**Required action**
Set down the full listing exactly as given. Any pictures are to be left out.

**Recorded information**
########

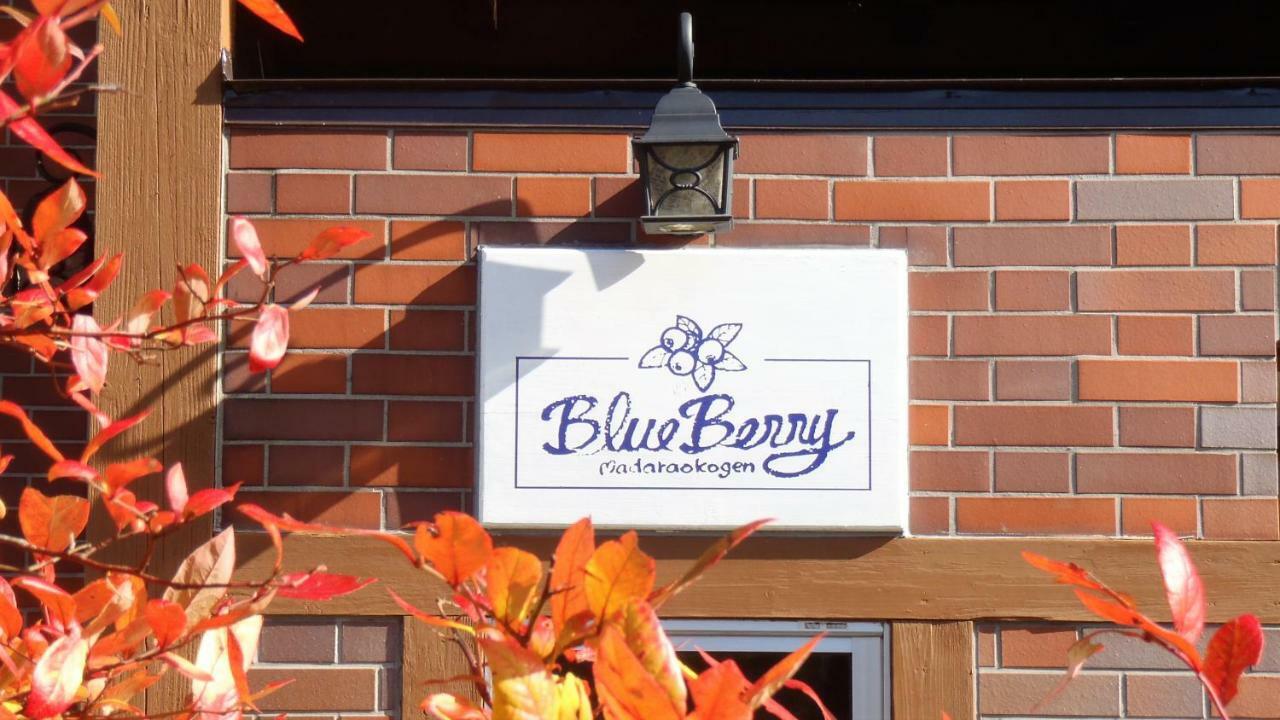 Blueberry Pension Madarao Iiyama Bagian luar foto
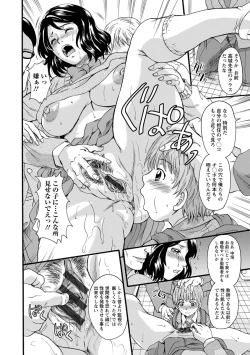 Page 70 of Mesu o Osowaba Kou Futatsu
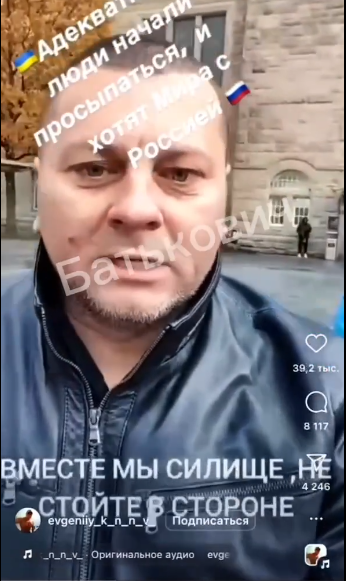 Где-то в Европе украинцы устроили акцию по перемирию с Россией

########

**Task result**
 Blueberry Pension Madarao Iiyama Bagian luar foto
 Page 70 of Mesu o Osowaba Kou Futatsu
 Где-то в Европе украинцы устроили акцию по перемирию с Россией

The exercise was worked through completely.